東京医科歯科大学
基本情報
試験時間:理科2科目あわせて120分/問題数:大問3題
分析担当
吉山 茂

出題内容・難易度

大問 出題内容 出題形式 難易度
1 血液と腎臓に
ついて
説明記述 やや易
2 チンパンジーと
ヒトの進化
説明記述・理由の
考察
標準
3 配偶者選択行動と
遺伝子
説明記述・図示・
実験考察
標準

問題分析

  1. 遺伝子・血液・タンパク質・腎臓と広く総合的に説明を求めている。
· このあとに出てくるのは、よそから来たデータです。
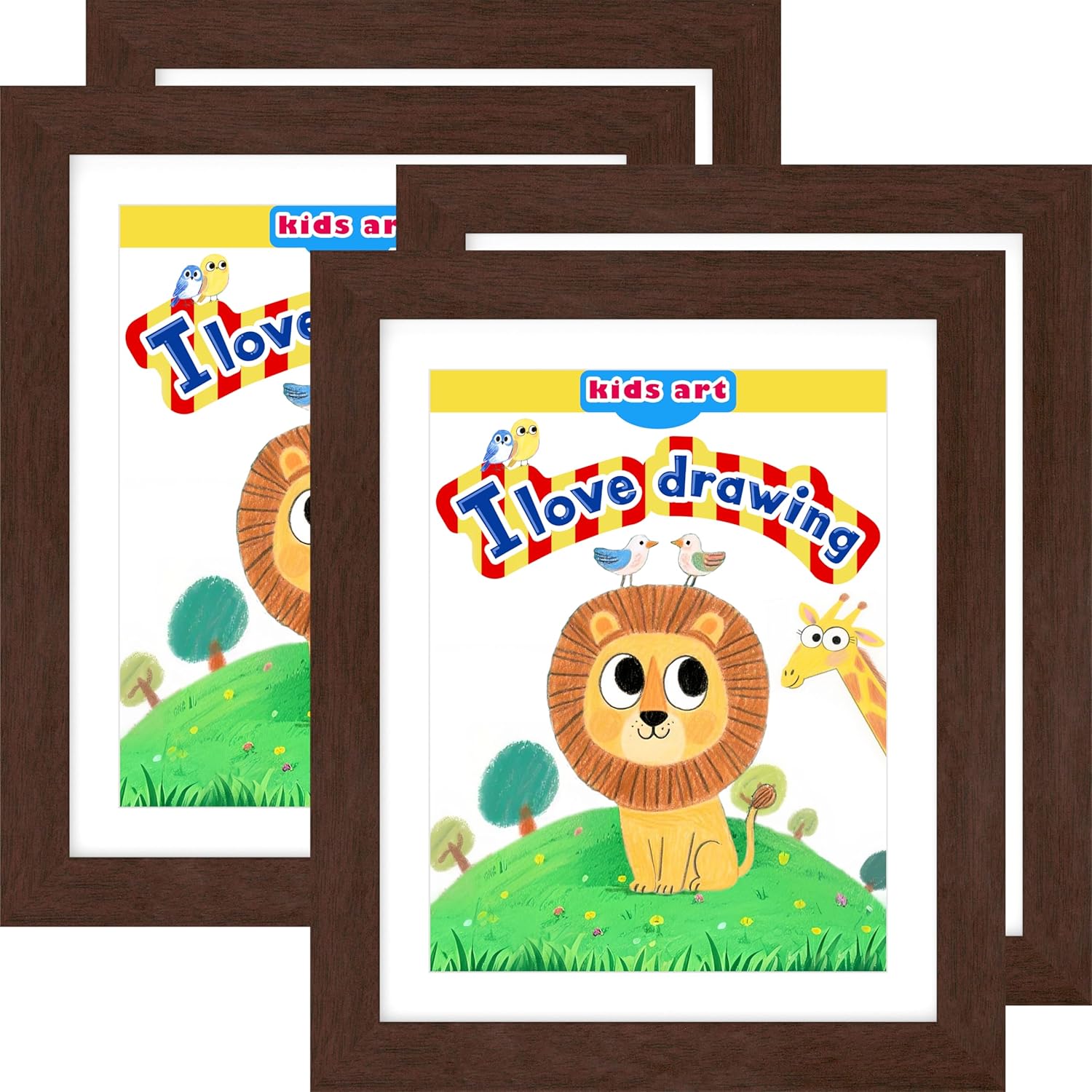 FrameWorks 4-Pack 10x12.5 in Mahogany Wood Art Frames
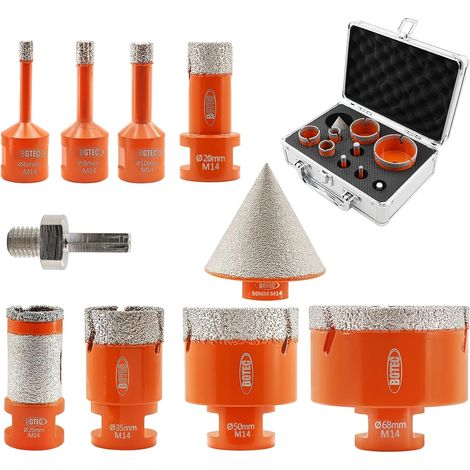Foret Diamant Kit Trépan Carrelage – 10 pièces 6/8/10/20/35/50/68 mm Trépan Diamant M14 pour Porcelaine, céramique, carrelage, marbre, granit – Perçage à sec (1/5)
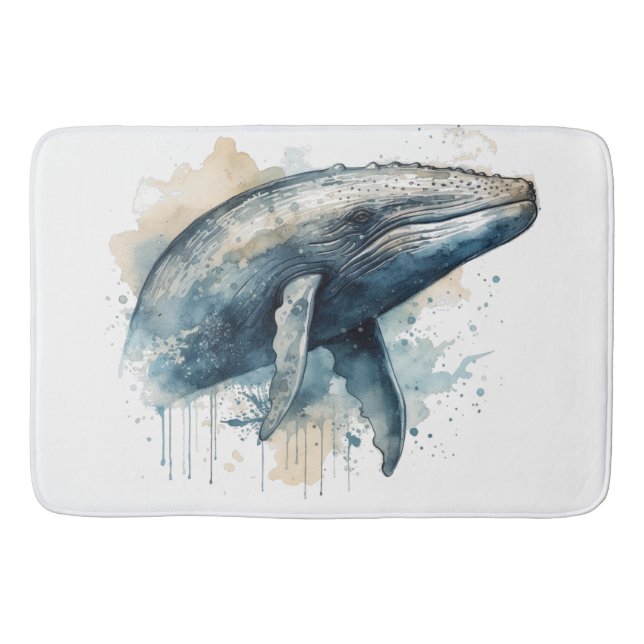 Watercolor Whale Wonder Badematte (Vorderseite)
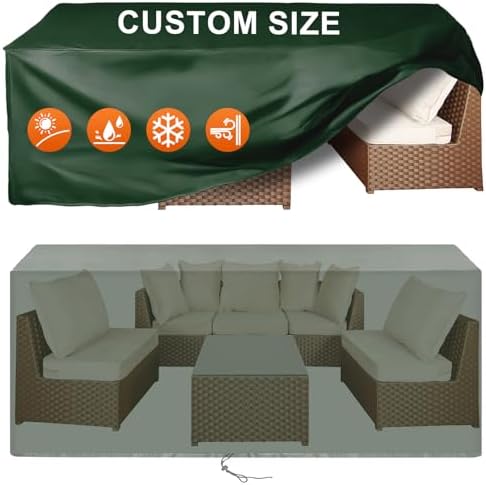 Patio Furniture Cover Rectangle 60"(L) x 36"(W) x 36"(H), Custom Heavy Duty 420D Waterproof Outdoor Cover with Drawstring & Buckles for Table Chair Garden, Green by Cisvio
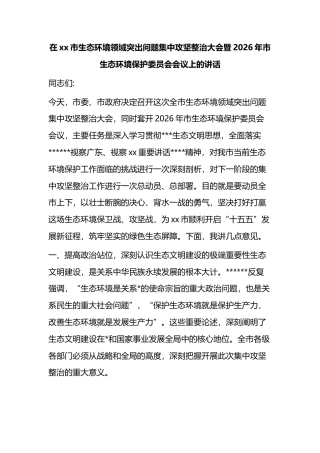在XX市生态环境领域突出问题集中攻坚整治大会暨2026年市生态环境保护委员会会议上的讲话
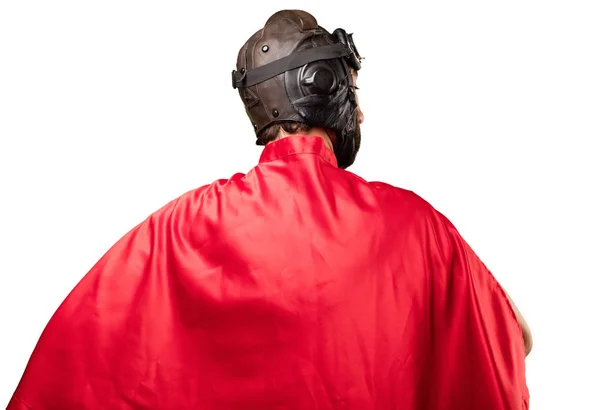 Crazy super hero back view — Stock Photo, Image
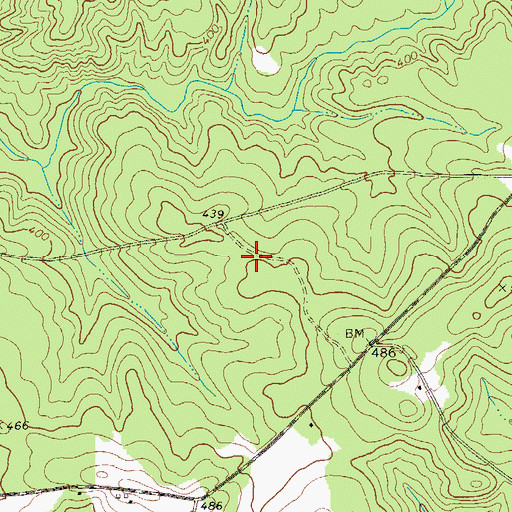 Topographic Map of Prosser Fields Cemetery, GA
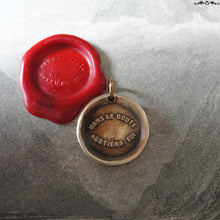 Load image into Gallery viewer, Bronze Wax Seal Pendant - When In Doubt Forbear - RQP Studio
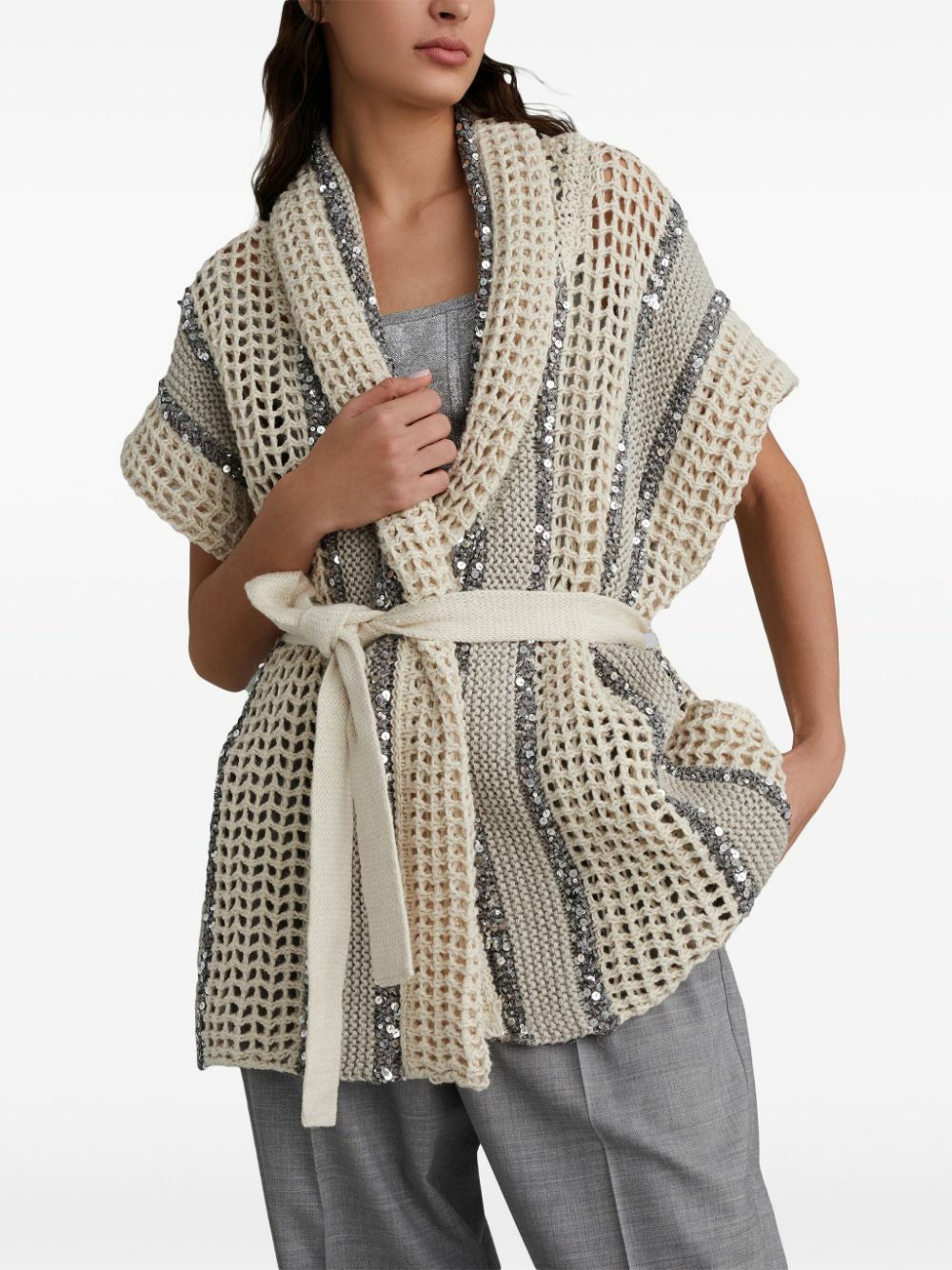 Brunello Cucinelli o1w1db10825 Cardigan in Beige/Khaki Size L / US 10 / IT 46 - 1 Thumbnail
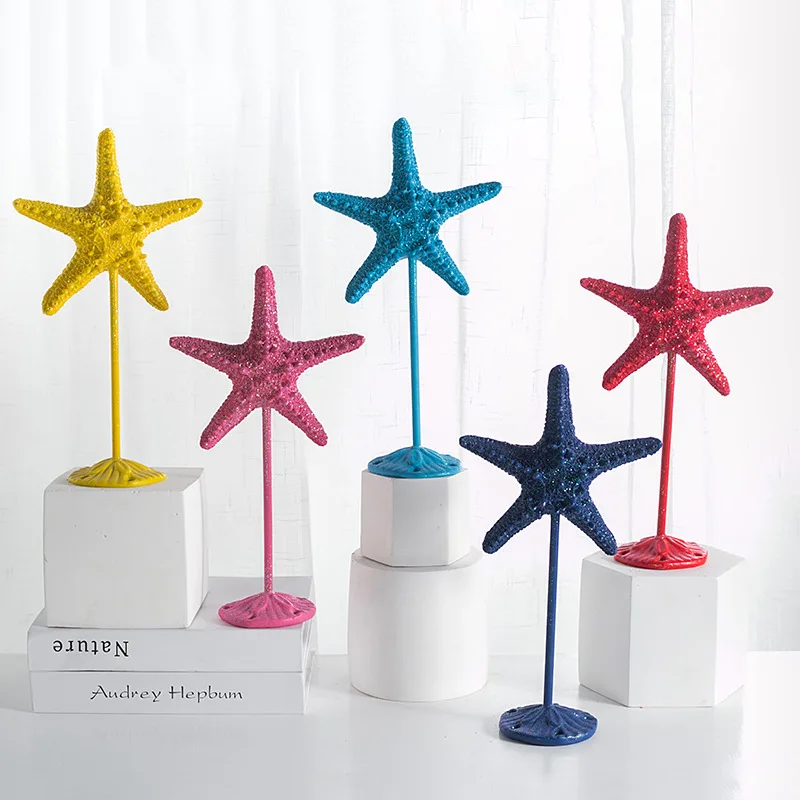 

Морская звезда из средиземноморской смолы с основанием, пятиугольная имитация морской звезды, декоративный набор, украшения ручной работы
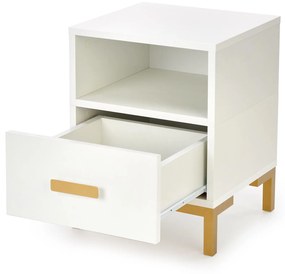 SILVIA bedside table, white - gold DIOMMI V-PL-SILVIA-SZAFKA_N-BIAŁY/ZŁOTY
ただし問題の難易度は高くなく、素早くこなすことのみが求められる。一部、教科書では述べられていない事柄についても説明を求められるが、教科書・参考書の知識の延長上である。
  2. 学習について・進化と系統・免疫と恒常性とここも総合的な説明記述中心であるが、動物を扱うこの問題では推測をさせるものがいくつかあった。特にチンパンジーの短期記憶能力が何に有利であったかという問題はかなりの難問である。
  3. 脳下垂体でのホルモンの分泌の図示は昭和大でも出題された。また、どのような実験を行えばよいのかという問題は例年通り出題された。今回は実験を通しての考察問題は無く、続いてコドンの読み取りと進化についての問題へ移行している。今までのデータなどをきちんと読み取る問題は出題されなかったが、コドンの読み取りがあるので時間的には仕方がなかったのであろう。

総評

出題される分野については例年通り動物生理が中心で、動物の行動に基づいた実験考察も頻出のテーマである。大問3題形式で説明記述が中心であるのも例年通り。問題数も大きく変わっていない。
ただ、図示する問題はあったものの、グラフをかく問題はなくなり、その代わり、過去にほとんど出題されなかったコドンの読み取りの問題が出題された。もともと時間配分の難しい問題構成であるが、最後に時間だけがかかる問題があったため、時間の余裕がそのまま得点につながったであろう。東京医科歯科大は難易度よりもスピードが試される傾向にあるが、本年はさらにその傾向が強まった。問題の大半を占める説明記述において、瞬間的に判断して書き始められる訓練が必要である。トータルの難易度はむしろ簡単になっているだけに、基本的な用語や仕組みの説明をきちんとできることが合格への近道になる。
東京医科歯科大を目指すための学習の基本は、何度も書いているように説明の記述である。「生物記述・論述問題の完全対策」(駿台文庫)などがそれに合った問題集であるが、バリエーションは多く問題集では対応しきれないので、まずは基本的なものをこのテキストや教科書で完全に暗記した後に、過去問でみっちりと訓練する必要がある。特に、東京医科歯科大の問題は動物の行動と動物生理に集中する傾向にあるので、過去問での学習が大きくアドバンテージをつくる基になる。その際には、時間を計ることが1つのポイントになってくる。また、「全レベル問題集③」(旺文社)は解説だけでなく解答の吟味も行っているので、ボリューム的には少ないが秋以降の実践的な演習にはピッタリである。
実験考察や実験を考える問題はトップレベルの大学特有であるので、やや問題傾向は異なるが上位大学の過去問に取り組むことも大切になってくる。受験対策の後半での実施がメインになるだろうが、「全国大学入試問題正解」(旺文社)などで網羅的に解くことも必要かもしれない。